ISO 20022 and Stellar
Stellar's ISO 20022 compatibility positions it similarly to the other compliant networks — capable of communicating in the data format that banking infrastructure is migrating toward. For cross-border payment applications where Stellar-based stablecoins or anchors interact with bank systems, this compatibility reduces the friction of integration.
The Honest Assessment
Stellar has demonstrated more live, real-world payment usage than most crypto projects. The MoneyGram partnership, the Africa remittance corridors, and the CBDC work are concrete rather than theoretical.
The limitation is scale. Stellar's payment volumes, while real, are small relative to the global payments market. The network has struggled to achieve the institutional banking relationships that Ripple has pursued. Whether Stellar's focus on financial inclusion and open-source infrastructure is a strength or a constraint in the longer-term competition for payment rail relevance is an open question.

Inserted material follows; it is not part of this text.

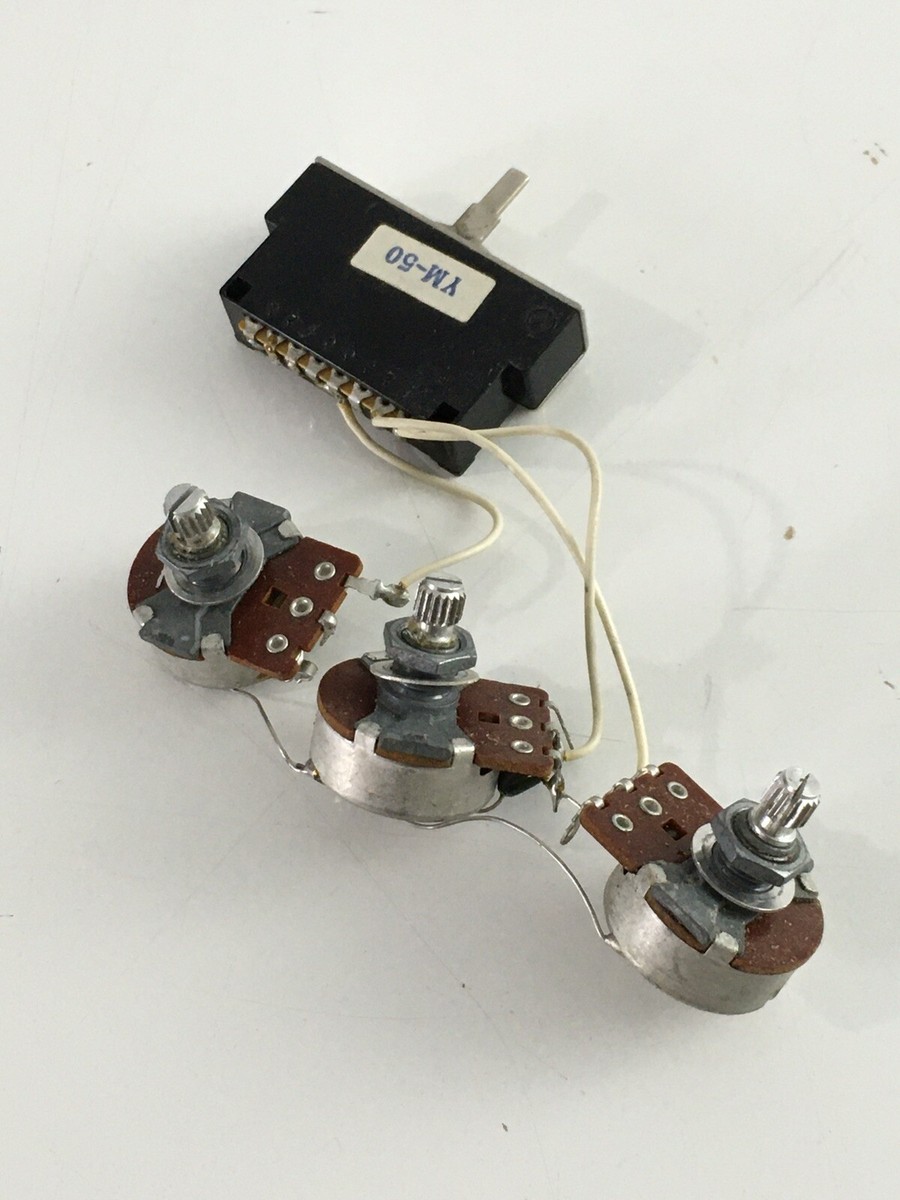Vintage 1991 MIJ Fender Japan Strat Wiring Harness Pots MIJ Vintage 1991 MIJ Fender Japan Strat Wiring Harness Pots MIJ
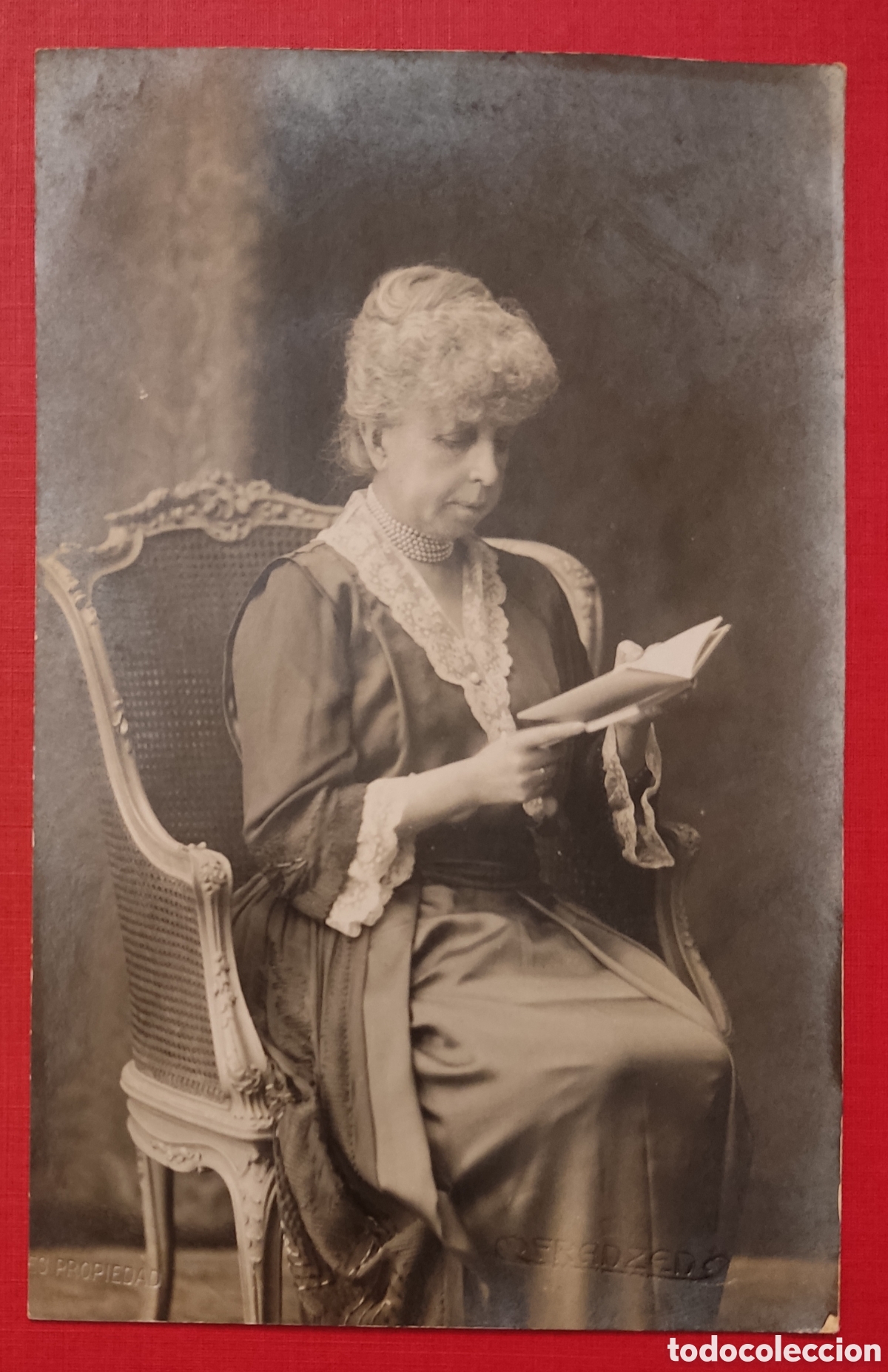 Postales: MARIA CRISTINA DE HABSBURGO POSTAL FOTOGR&Aacute;FICA CASA REAL ALFONSO XII C. 1900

Frequently Asked Questions
Is XLM the same as XRP?
No. XLM (Stellar Lumens) and XRP are separate digital assets on different blockchain networks. Both target cross-border payments and are ISO 20022 compatible, but Stellar is run by a non-profit foundation focused on financial inclusion, while Ripple is a for-profit company targeting institutional banking.
What is XLM used for?
XLM serves as the native asset of the Stellar network and is used as a bridge currency for multi-currency payments, to pay transaction fees on the network, and to maintain minimum account reserves. The Stellar network also hosts stablecoins, remittance apps, and tokenized assets.
Is Stellar (XLM) ISO 20022 compatible?
Yes. Stellar (XLM) is among the eight cryptocurrencies identified as ISO 20022 compatible, meaning it can carry the structured payment data that the ISO 20022 standard requires for financial messaging.
Who founded Stellar?
Stellar was founded in 2014 by Jed McCaleb and Joyce Kim. McCaleb previously co-founded Ripple before departing in 2013. The non-profit Stellar Development Foundation governs the open-source Stellar network.
This article is for informational purposes only and does not constitute financial or investment advice. Always conduct your own research before making investment decisions.